Input records:
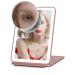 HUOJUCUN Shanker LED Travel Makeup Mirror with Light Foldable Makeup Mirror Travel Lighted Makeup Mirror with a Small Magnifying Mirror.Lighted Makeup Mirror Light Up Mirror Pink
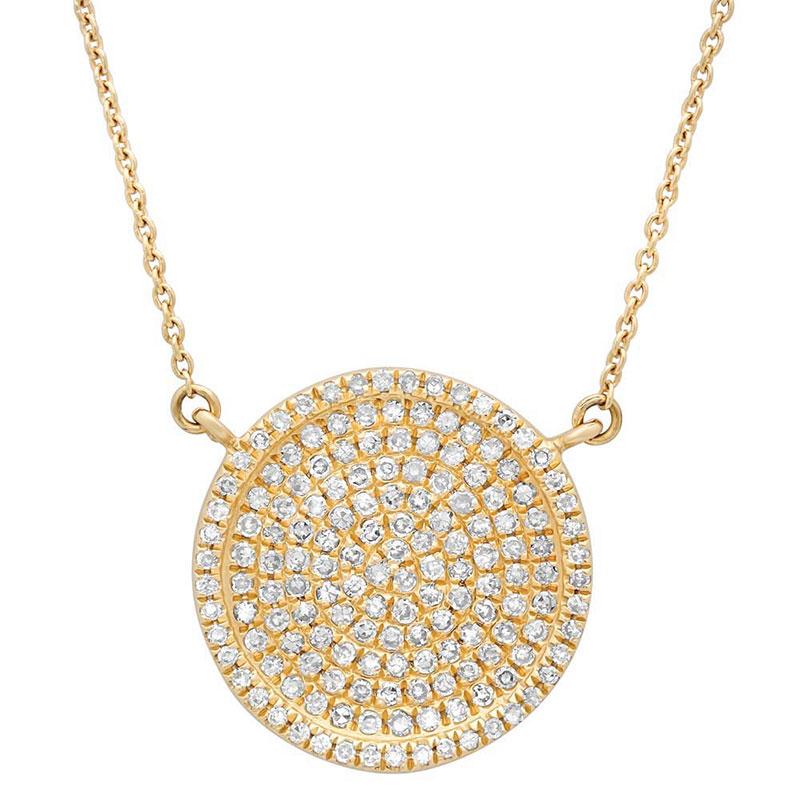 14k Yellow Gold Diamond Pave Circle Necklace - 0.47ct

==

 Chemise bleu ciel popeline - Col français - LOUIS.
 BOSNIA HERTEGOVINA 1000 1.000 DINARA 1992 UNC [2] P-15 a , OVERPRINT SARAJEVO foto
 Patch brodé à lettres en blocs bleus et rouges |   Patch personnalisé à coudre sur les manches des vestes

* * *

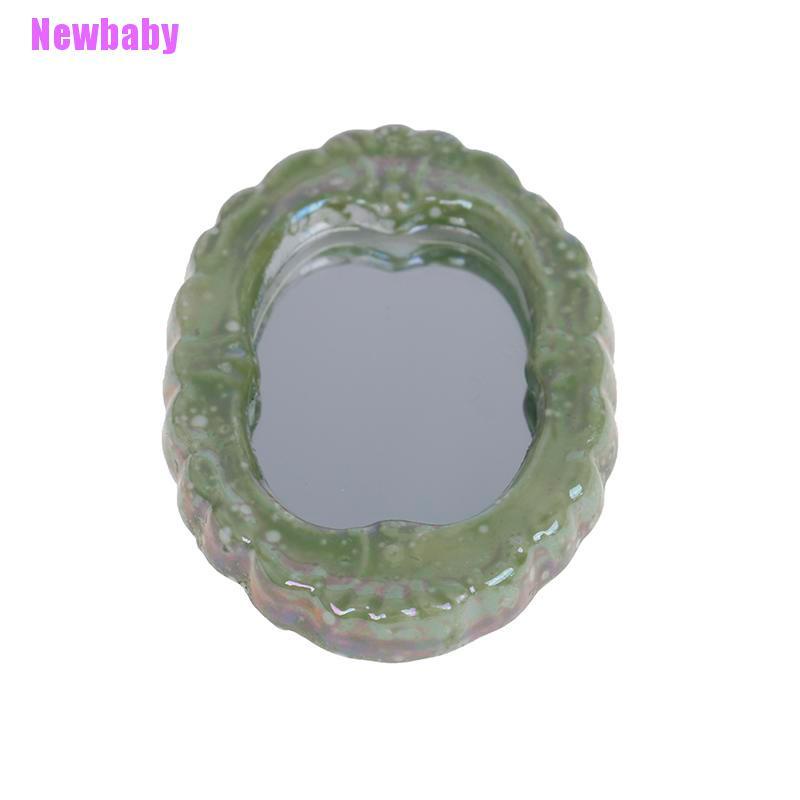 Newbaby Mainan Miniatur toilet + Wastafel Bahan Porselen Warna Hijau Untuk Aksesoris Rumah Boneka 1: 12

Your task: Drop the pictures; return the lines above from the line containing "HUOJUCUN Shanker LED" to the line containing "14k Yellow Gold", both included, exactly.

Answer:
 HUOJUCUN Shanker LED Travel Makeup Mirror with Light Foldable Makeup Mirror Travel Lighted Makeup Mirror with a Small Magnifying Mirror.Lighted Makeup Mirror Light Up Mirror Pink
 14k Yellow Gold Diamond Pave Circle Necklace - 0.47ct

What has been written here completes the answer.